** Task description **
Images do not belong in the copy. Set down all the entries exactly.

[Image-caption web data]
——
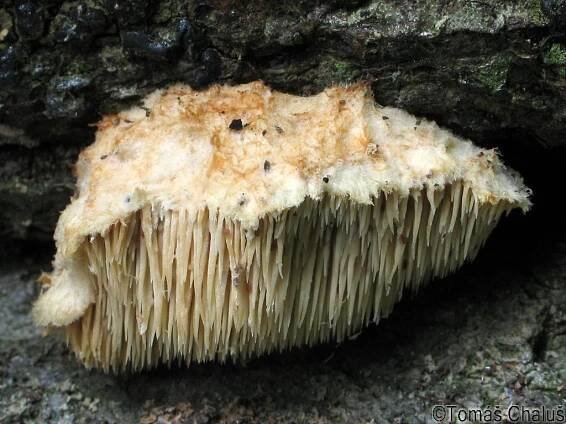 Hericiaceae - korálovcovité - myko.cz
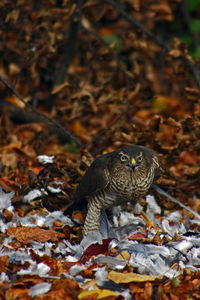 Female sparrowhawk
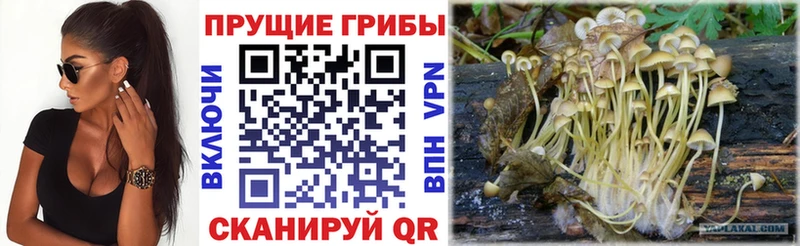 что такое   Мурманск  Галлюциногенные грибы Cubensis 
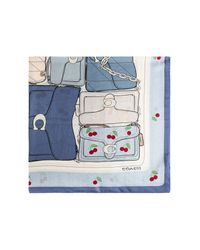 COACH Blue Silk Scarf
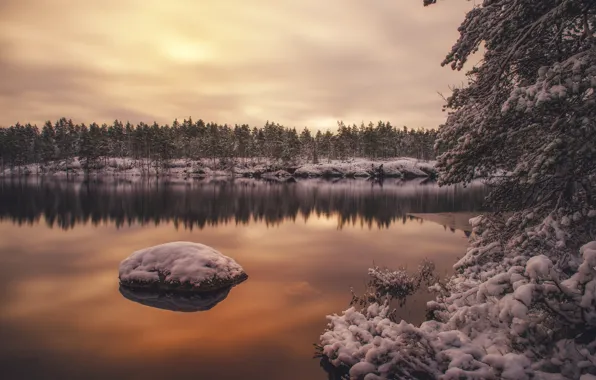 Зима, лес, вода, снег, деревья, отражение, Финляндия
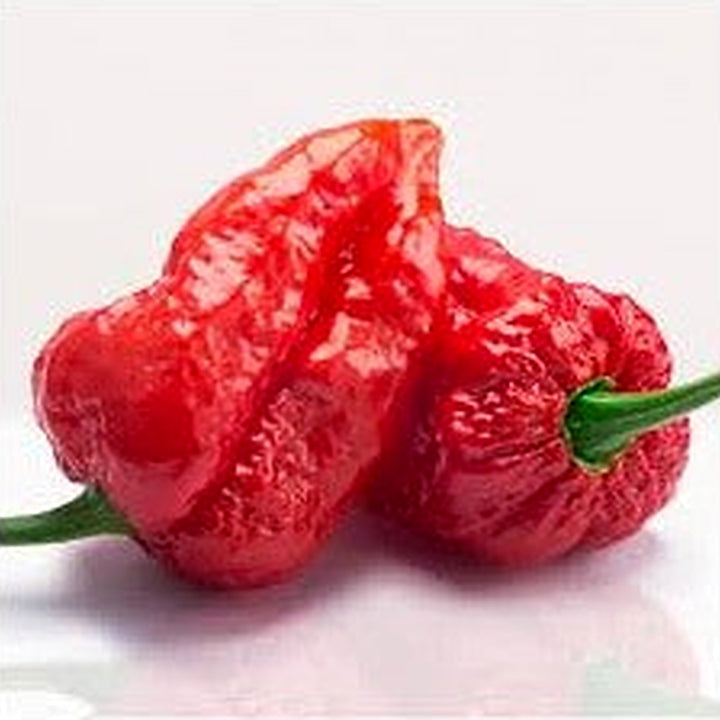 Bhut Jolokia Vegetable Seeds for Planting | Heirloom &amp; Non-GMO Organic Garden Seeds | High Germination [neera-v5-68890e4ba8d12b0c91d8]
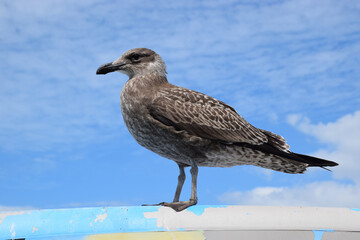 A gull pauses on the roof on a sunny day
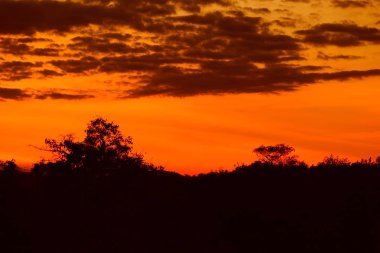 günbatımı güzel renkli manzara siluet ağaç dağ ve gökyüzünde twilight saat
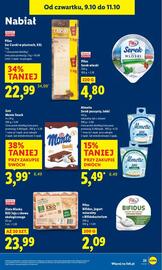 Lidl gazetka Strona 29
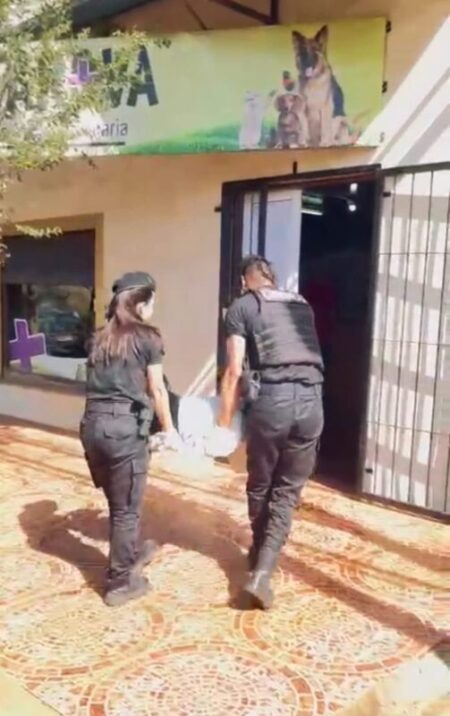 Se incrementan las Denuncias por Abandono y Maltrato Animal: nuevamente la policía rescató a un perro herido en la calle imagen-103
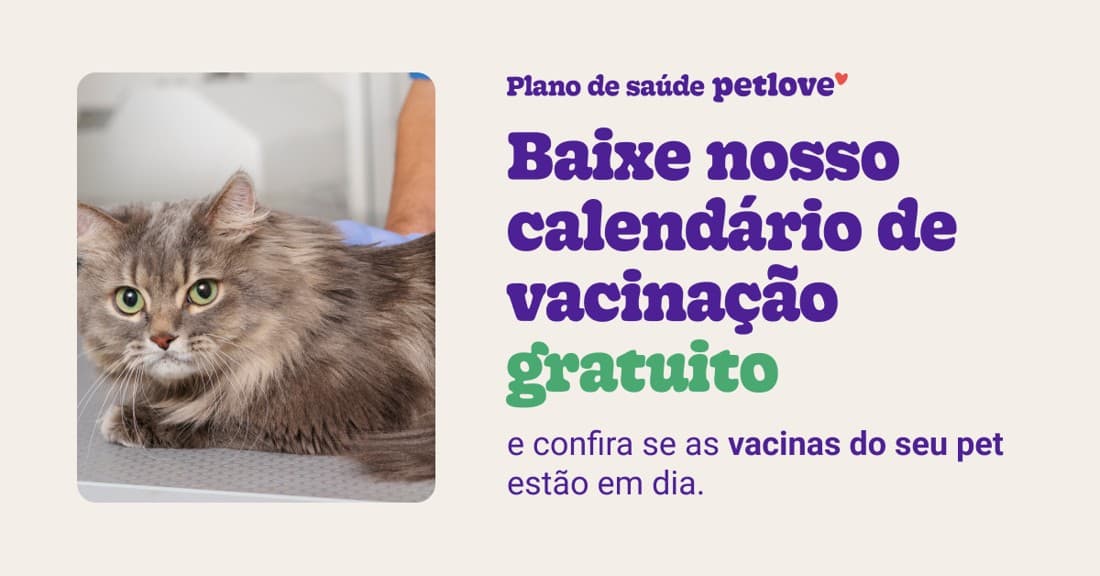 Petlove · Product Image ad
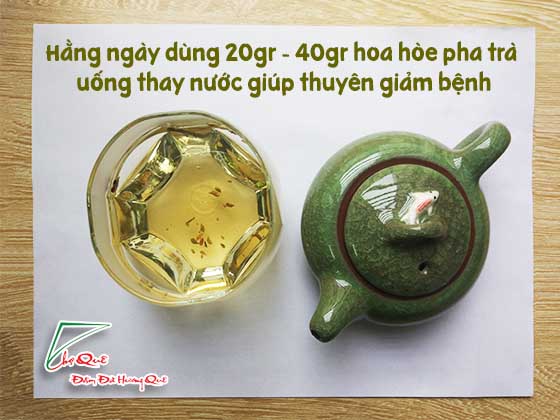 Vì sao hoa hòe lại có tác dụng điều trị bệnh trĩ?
——
** Result of the exercise **
 Hericiaceae - korálovcovité - myko.cz
 Female sparrowhawk
 что такое   Мурманск  Галлюциногенные грибы Cubensis 
 COACH Blue Silk Scarf
 Зима, лес, вода, снег, деревья, отражение, Финляндия
 Bhut Jolokia Vegetable Seeds for Planting | Heirloom &amp; Non-GMO Organic Garden Seeds | High Germination [neera-v5-68890e4ba8d12b0c91d8]
 A gull pauses on the roof on a sunny day
 günbatımı güzel renkli manzara siluet ağaç dağ ve gökyüzünde twilight saat
 Lidl gazetka Strona 29
 Se incrementan las Denuncias por Abandono y Maltrato Animal: nuevamente la policía rescató a un perro herido en la calle imagen-103
 Petlove · Product Image ad
 Vì sao hoa hòe lại có tác dụng điều trị bệnh trĩ?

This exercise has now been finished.